In [3, 6, 11], the authors use the ASM file generated by disassembly to convert the assembly bytecode into pixel features and then use CNN to learn. Although this method takes advantage of some program information, malware authors can still make confusion by inserting external assembly instructions. Zhang et al. [12] use SVM to build a malicious code detection framework based on semisupervised learning, which effectively solves the problem that malicious code is difficult to be marked on a large scale, and has achieved good results. There are also some methods that are based on API calls in [13]. They treat the file as a list containing only 0 or 1, with 0 and 1 representing whether or not the associated API appears. Their experiments show that the random forest classifier achieves the best result. This method mainly relies on the malicious API which could be emerged on a series of call sequence, and only the exact execution sequence can make damage on the computer system.

In [14], the authors construct behavior graphs to provide efficient information of malware behaviors using extracted API calls. The high-level features of the behavior graphs are then extracted using a neural network-Stacked AutoEncoders. On the one hand, their method of extracting behavioral graphs is very precise and helps to express the true meaning of the program fragments. On the other hand, their input vectors are constructed based on the whole sample, and the output of the model is the classification result of the whole sample. In fact, malicious fragments are only partial, which makes the malicious behavior graph easy to be overwhelmed.

Liu et al. [4] use image texture, opcode features, and API features to describe the sample files. By using the shared nearest neighbor (SNN) clustering algorithm, they obtained a good result in their dataset. Qian and Tang [15] analyze the API attributes and divide0 them into 16 categories. They propose a map color method based on categories and occurrence times for a unit time the API executed according to its categories. Then, they use the CNN model to build a classifier. Xiaofeng et al. [16] propose a new method based on information gain and removal of redundant API fragments, which effectively reduce the length of the API call sequence. The handled API call sequence is then entered into the LSTM model for training. Uppal et al. [17] use call grams and odds ratio to select the top-ranked feature segments, which are used to form feature vectors and are used to train the SVM model.

On the one hand, the above methods based on the API execution sequence are accurate, which reflect the dynamic execution information of the program. But on the other hand, due to program execution control, in a long execution sequence, the actual malicious execution code is very small or overwhelmed by a large amount of normal execution code.
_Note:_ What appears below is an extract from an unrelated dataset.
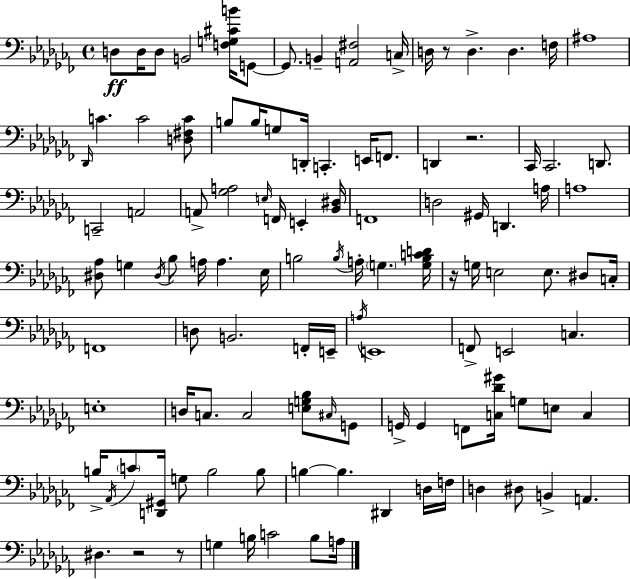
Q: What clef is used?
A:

If the model does not learn the key malicious information, it will easily be bypassed by malicious code specifically disguised. There are also other machine learning methods to learn the features. Anderson and Roth [18] offer a public labeled benchmark dataset for training machine learning models to statically detect malicious PE files. They also construct baseline models based on gradient boosted decision tree algorithm. Even without any hyperparameter optimization, their work will still help researchers to study further in this field. In [19], the authors extract features based on the frequency of the API and compare neural networks with other traditional machine learning methods.

These methods expand the space for extracting malicious features, and improve the applicable scale of the machine learning method, and achieve good results. But they also have some limitations, mainly reflecting in the following aspects. First, manual methods have high accuracy but require a lot of manpower, which makes them unsuitable for analyzing a large amount of malicious code. Second, machine learning is greatly influenced by the training set and its practicality is weak. For example, we have done an experiment, in which an image-based malware classifier can achieve 0.99 accuracy rate. However, after changing dataset, its performance drops sharply to about 0.73. Third, when the sample is confused, the training model is difficult to achieve good results, which reduces its practicability.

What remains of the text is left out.